Only these lines, please: the first one of the records through the one containing "Denizin üzerinde fırtına bulutları", retyped exactly, both ends included and pictures omitted.
==*==
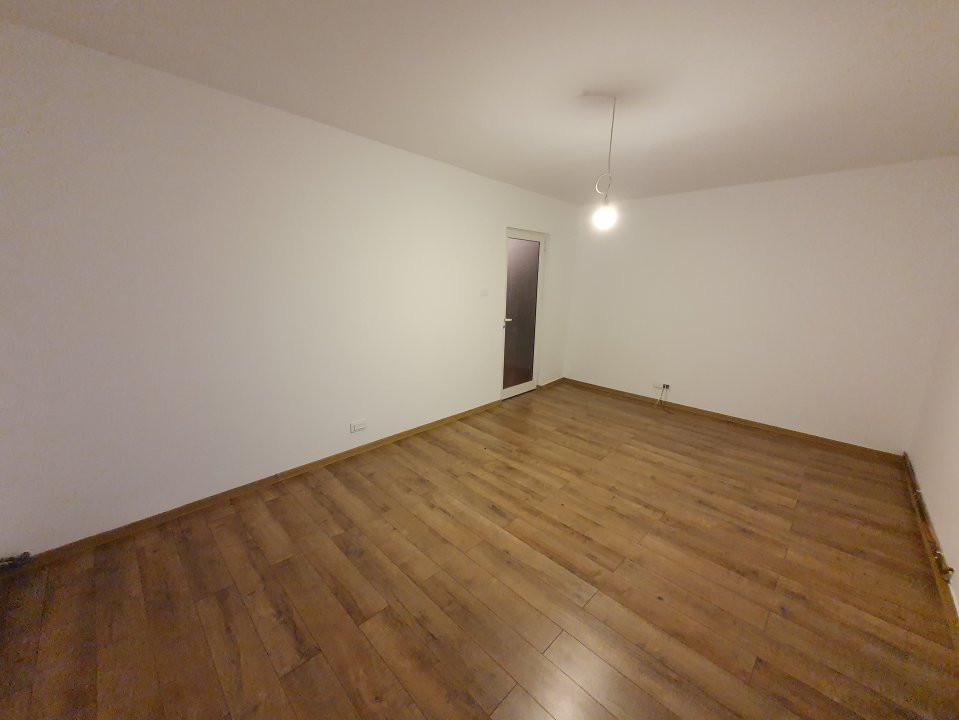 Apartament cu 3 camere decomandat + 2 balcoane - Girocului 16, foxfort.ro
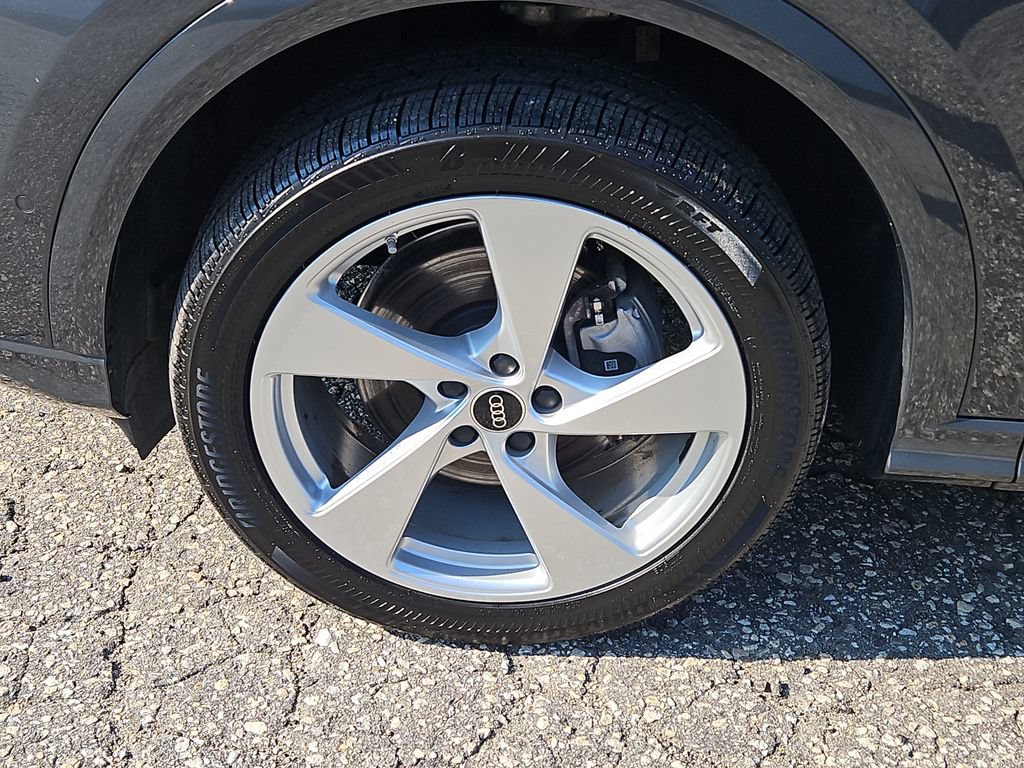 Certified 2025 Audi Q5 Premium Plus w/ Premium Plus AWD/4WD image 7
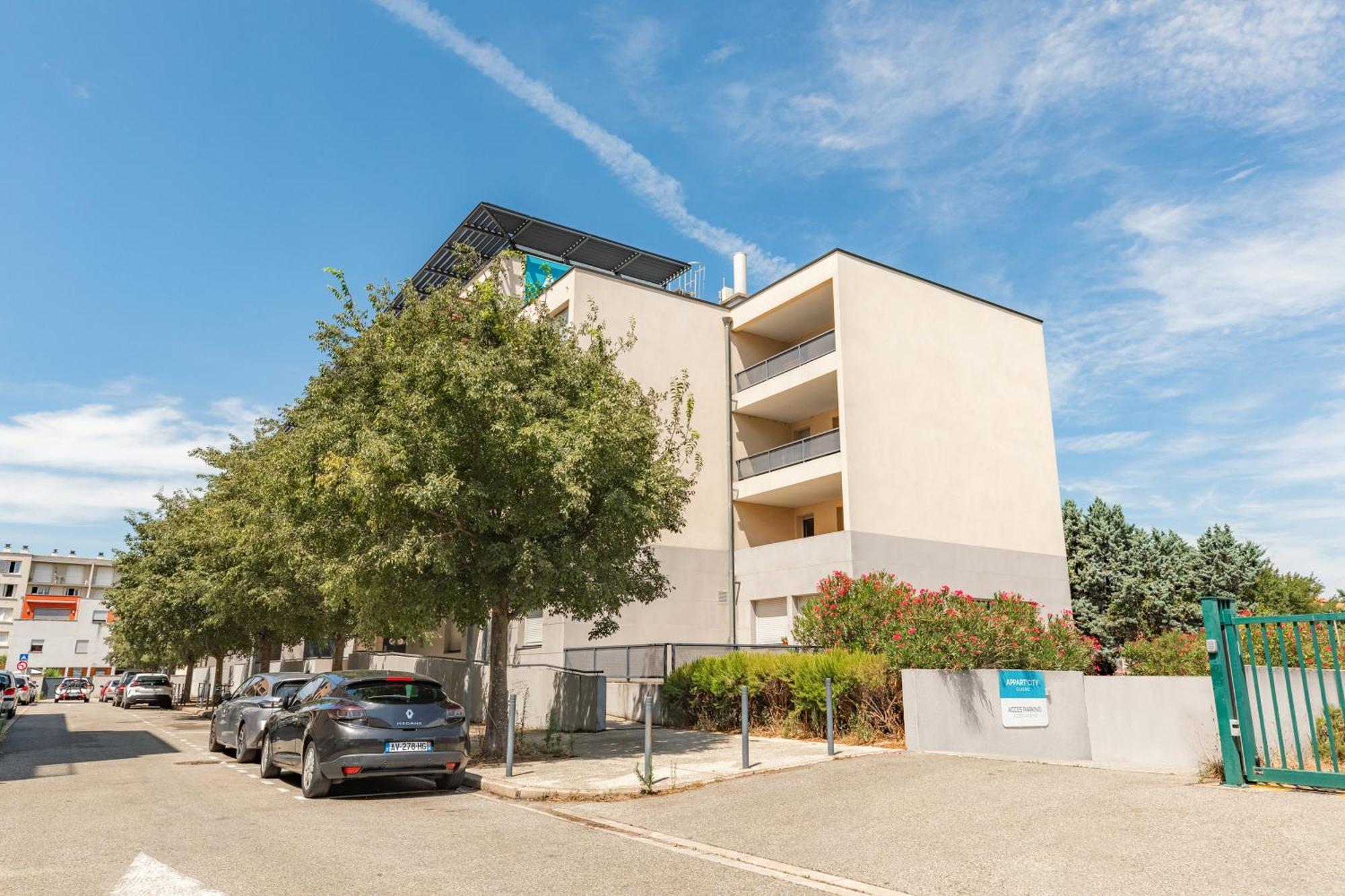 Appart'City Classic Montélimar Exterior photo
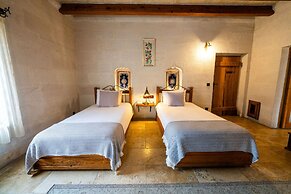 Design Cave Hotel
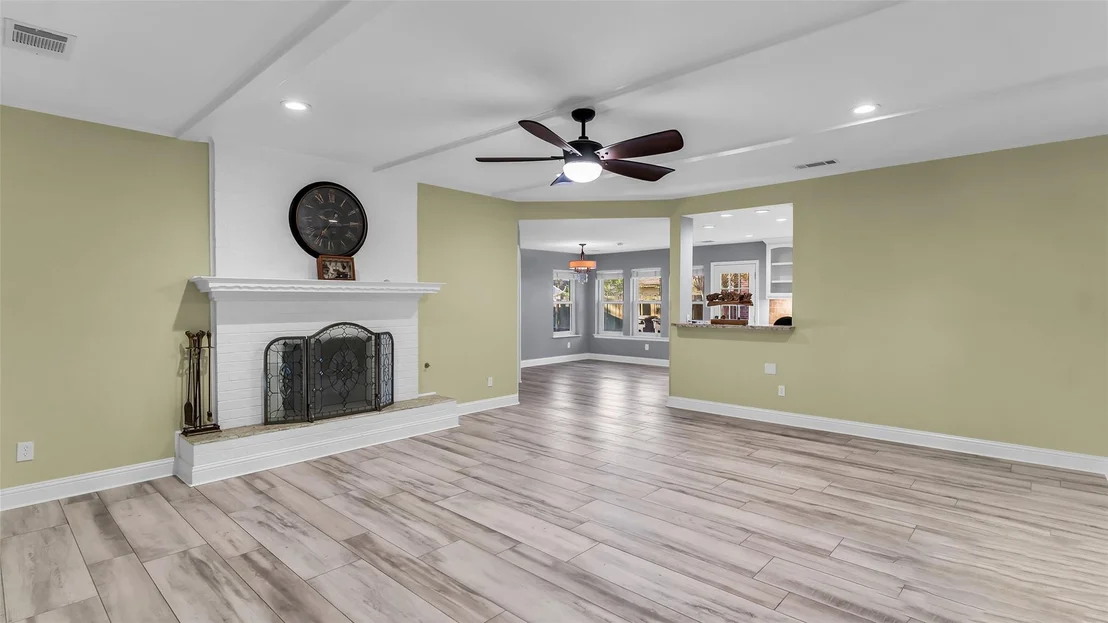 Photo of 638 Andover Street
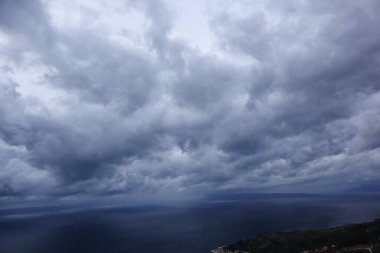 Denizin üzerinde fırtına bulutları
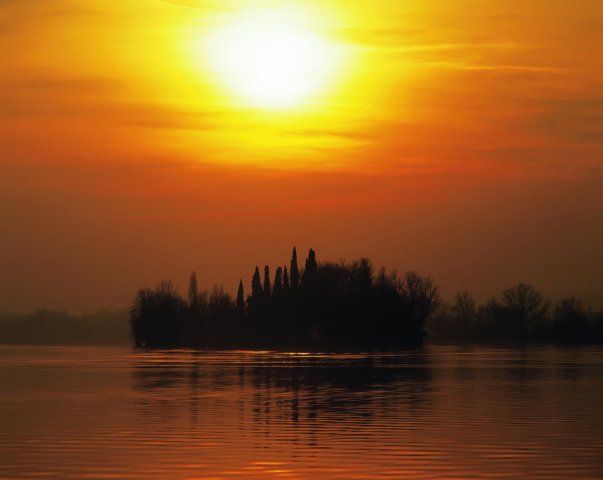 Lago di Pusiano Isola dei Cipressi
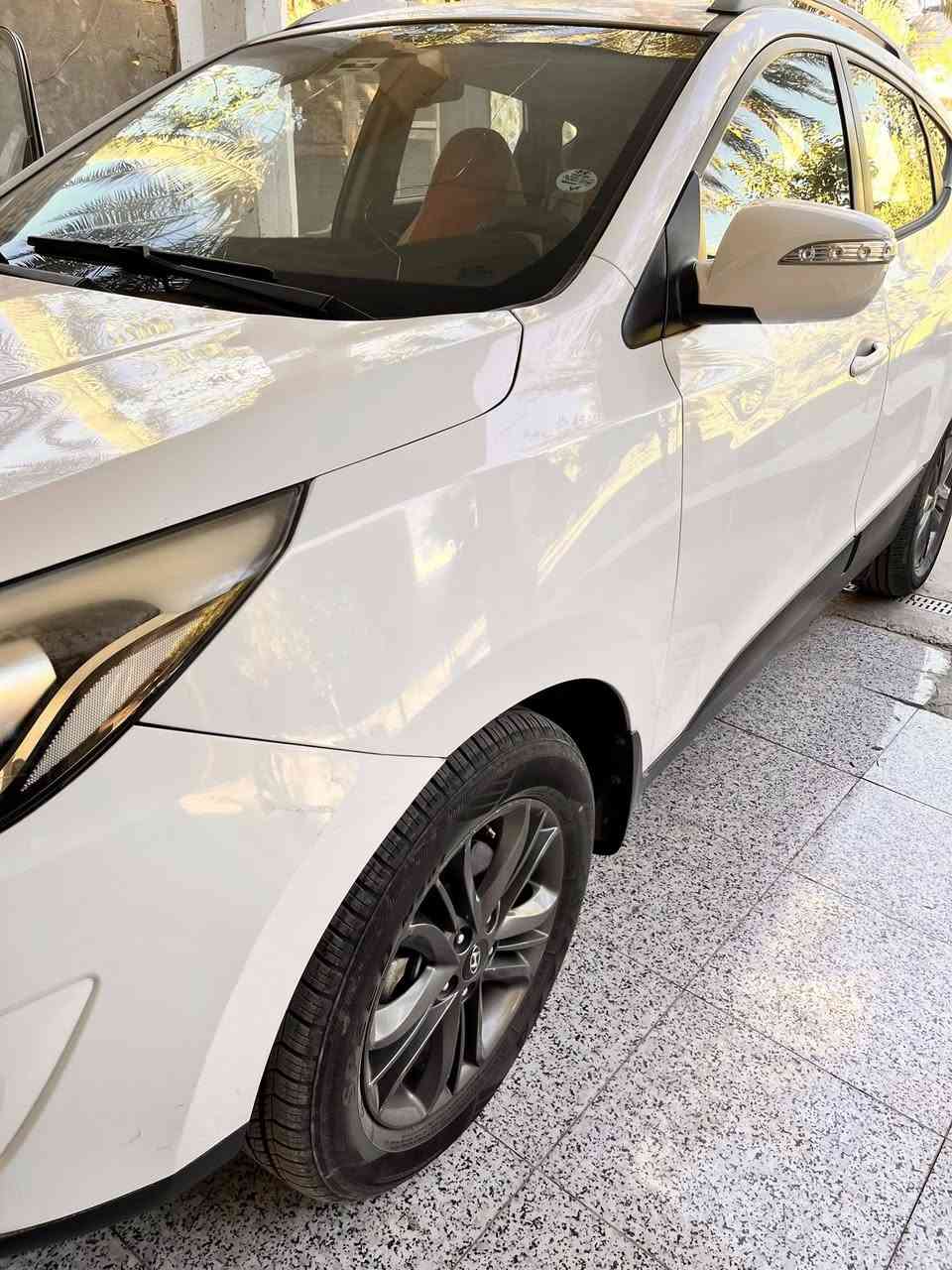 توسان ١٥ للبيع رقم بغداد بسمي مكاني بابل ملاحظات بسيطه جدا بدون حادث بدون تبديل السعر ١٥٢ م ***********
==*==
RESPONSE TO THIS EXERCISE:
 Apartament cu 3 camere decomandat + 2 balcoane - Girocului 16, foxfort.ro
 Certified 2025 Audi Q5 Premium Plus w/ Premium Plus AWD/4WD image 7
 Appart'City Classic Montélimar Exterior photo
 Design Cave Hotel
 Photo of 638 Andover Street
 Denizin üzerinde fırtına bulutları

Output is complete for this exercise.